Correlates of protection for enteric vaccines.

作者信息

Holmgren Jan, Parashar Umesh D, Plotkin Stanley, Louis Jacques, Ng Su-Peing, Desauziers Eric, Picot Valentina, Saadatian-Elahi Mitra

机构信息

University of Gothenburg Vaccine Research Institute, Box 435, S-40530 Gothenburg, Sweden.

National Center for Immunization and Respiratory Diseases, Centers for Disease Control and Prevention, Atlanta GA, United States.

出版信息

Vaccine. 2017 Jun 8;35(26):3355-3363. doi: 10.1016/j.vaccine.2017.05.005. Epub 2017 May 11.

DOI:10.1016/j.vaccine.2017.05.005
PMID:28504192
原文链接:https://pmc.ncbi.nlm.nih.gov/articles/PMC11342448/
Abstract

An immunological Correlate of Protection (CoP) is an immune response that is statistically interrelated with protection. Identification of CoPs for enteric vaccines would help design studies to improve vaccine performance of licensed vaccines in low income settings, and would facilitate the testing of future vaccines in development that might be more affordable. CoPs are lacking today for most existing and investigational enteric vaccines. In order to share the latest information on CoPs for enteric vaccines and to discuss novel approaches to correlate mucosal immune responses in humans with protection, the Foundation Mérieux organized an international conference of experts where potential CoPs for vaccines were examined using case-studies for both bacterial and viral enteric pathogens.
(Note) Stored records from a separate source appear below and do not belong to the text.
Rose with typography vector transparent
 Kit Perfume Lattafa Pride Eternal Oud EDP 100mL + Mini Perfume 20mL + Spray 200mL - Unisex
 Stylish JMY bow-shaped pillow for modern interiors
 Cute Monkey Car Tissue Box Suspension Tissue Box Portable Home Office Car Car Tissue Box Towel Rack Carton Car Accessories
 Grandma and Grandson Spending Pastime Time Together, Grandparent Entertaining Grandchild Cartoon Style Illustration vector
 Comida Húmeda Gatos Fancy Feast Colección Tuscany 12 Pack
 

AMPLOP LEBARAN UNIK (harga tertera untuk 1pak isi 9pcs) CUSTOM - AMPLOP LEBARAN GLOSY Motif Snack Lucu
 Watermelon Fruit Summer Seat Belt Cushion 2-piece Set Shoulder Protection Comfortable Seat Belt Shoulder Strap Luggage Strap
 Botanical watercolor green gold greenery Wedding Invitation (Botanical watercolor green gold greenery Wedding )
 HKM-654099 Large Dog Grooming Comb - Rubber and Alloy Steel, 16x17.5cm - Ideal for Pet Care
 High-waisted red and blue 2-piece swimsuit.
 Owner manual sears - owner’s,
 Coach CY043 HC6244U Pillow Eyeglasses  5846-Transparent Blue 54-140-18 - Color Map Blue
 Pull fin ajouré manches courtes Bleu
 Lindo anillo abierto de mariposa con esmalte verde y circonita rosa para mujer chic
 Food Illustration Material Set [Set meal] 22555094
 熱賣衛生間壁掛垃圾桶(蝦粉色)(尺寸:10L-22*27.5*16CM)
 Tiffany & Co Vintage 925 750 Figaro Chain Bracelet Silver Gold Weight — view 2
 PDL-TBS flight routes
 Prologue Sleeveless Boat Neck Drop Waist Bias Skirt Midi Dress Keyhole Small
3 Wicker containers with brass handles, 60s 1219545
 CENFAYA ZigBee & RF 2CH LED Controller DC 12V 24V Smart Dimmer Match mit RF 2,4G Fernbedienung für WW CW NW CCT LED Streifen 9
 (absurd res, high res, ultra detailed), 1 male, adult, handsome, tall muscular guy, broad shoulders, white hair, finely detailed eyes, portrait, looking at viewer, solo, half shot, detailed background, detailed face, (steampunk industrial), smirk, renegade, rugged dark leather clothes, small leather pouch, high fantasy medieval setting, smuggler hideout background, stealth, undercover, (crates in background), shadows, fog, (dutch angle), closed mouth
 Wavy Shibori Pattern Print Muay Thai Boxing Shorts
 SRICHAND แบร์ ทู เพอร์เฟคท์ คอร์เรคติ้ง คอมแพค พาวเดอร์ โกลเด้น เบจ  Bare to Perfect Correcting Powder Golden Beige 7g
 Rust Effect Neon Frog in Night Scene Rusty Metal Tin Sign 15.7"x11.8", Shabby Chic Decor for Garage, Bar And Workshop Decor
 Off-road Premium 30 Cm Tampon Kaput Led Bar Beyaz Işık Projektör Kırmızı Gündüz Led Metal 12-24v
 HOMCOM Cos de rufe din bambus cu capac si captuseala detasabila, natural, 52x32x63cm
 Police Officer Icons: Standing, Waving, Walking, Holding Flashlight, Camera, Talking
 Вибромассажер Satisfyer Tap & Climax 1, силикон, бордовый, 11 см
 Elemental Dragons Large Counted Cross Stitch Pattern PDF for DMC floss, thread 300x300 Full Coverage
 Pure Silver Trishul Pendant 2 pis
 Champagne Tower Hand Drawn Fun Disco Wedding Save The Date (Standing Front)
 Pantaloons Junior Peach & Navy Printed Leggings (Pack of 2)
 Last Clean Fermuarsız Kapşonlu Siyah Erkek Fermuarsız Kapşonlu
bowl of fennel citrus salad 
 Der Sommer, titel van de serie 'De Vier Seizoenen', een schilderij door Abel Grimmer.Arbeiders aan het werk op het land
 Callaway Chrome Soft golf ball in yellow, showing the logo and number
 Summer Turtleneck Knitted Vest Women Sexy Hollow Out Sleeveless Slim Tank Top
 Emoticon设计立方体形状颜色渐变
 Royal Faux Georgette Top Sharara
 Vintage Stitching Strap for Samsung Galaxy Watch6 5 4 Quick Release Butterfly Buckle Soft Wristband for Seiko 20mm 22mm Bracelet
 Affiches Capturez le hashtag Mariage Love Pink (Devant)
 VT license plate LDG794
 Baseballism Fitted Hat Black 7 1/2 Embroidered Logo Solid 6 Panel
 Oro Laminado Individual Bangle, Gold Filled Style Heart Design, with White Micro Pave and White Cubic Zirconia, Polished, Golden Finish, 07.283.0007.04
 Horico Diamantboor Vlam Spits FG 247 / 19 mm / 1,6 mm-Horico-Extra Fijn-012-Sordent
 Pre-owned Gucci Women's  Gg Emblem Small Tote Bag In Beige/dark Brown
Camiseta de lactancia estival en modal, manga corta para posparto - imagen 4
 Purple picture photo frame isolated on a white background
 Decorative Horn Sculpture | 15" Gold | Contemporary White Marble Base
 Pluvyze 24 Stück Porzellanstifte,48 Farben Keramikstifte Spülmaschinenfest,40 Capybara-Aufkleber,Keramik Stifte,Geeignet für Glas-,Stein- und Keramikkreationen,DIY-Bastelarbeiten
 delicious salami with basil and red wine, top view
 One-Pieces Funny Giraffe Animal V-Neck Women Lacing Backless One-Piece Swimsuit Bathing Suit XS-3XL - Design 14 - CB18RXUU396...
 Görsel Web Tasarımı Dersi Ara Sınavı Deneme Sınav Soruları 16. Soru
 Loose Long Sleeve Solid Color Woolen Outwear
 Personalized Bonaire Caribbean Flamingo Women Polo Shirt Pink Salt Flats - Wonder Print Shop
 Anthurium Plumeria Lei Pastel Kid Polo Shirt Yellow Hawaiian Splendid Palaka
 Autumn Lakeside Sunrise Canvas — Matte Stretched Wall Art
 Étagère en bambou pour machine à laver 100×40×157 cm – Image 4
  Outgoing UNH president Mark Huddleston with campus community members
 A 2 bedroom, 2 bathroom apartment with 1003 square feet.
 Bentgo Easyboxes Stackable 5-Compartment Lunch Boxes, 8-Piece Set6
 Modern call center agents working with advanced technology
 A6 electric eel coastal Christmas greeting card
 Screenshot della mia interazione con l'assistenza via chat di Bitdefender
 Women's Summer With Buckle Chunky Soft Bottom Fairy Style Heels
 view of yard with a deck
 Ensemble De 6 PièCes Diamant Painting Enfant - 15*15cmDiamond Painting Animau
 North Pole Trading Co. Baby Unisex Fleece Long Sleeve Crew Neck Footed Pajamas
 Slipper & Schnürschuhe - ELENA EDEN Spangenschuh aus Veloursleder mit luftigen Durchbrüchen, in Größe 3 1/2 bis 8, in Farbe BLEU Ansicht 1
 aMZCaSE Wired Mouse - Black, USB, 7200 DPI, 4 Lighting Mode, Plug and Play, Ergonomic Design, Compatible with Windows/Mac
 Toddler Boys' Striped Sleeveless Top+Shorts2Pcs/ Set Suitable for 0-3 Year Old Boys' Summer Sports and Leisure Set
Experts on the panel concluded that to date, all established enteric vaccine CoPs, such as those for hepatitis A, Vi typhoid and poliovirus vaccines, are based on serological immune responses even though these may poorly reflect the relevant gut immune responses or predict protective efficacy. Known CoPs for cholera, norovirus and rotavirus could be considered as acceptable for comparisons of similarly composed vaccines while more work is still needed to establish CoPs for the remaining enteric pathogens and their candidate vaccines. Novel approaches to correlate human mucosal immune responses with protection include the investigation of gut-originating antibody-secreting cells (ASCs), B memory cells and follicular helper T cells from samples of peripheral blood during their recirculation.

摘要

免疫保护关联指标(CoP)是一种与保护作用存在统计学关联的免疫反应。确定肠道疫苗的免疫保护关联指标将有助于设计相关研究,以提高低收入地区已获许可疫苗的疫苗性能,并有助于对未来可能更具可负担性的正在研发的疫苗进行测试。目前,大多数现有的和正在研究的肠道疫苗都缺乏免疫保护关联指标。为了分享肠道疫苗免疫保护关联指标的最新信息,并讨论将人类黏膜免疫反应与保护作用相关联的新方法,梅里埃基金会组织了一次国际专家会议,会上通过针对细菌性和病毒性肠道病原体的案例研究对疫苗潜在的免疫保护关联指标进行了审查。专家小组得出结论,迄今为止,所有已确定的肠道疫苗免疫保护关联指标,如甲型肝炎、伤寒Vi多糖菌苗和脊髓灰质炎病毒疫苗的免疫保护关联指标,均基于血清学免疫反应,尽管这些反应可能难以反映相关的肠道免疫反应或预测保护效力。霍乱、诺如病毒和轮状病毒已知的免疫保护关联指标可被视为在比较成分相似的疫苗时是可接受的,而对于其余肠道病原体及其候选疫苗,仍需要开展更多工作来确定免疫保护关联指标。将人类黏膜免疫反应与保护作用相关联的新方法包括对外周血样本在再循环过程中源自肠道的抗体分泌细胞(ASC)、B记忆细胞和滤泡辅助性T细胞进行研究。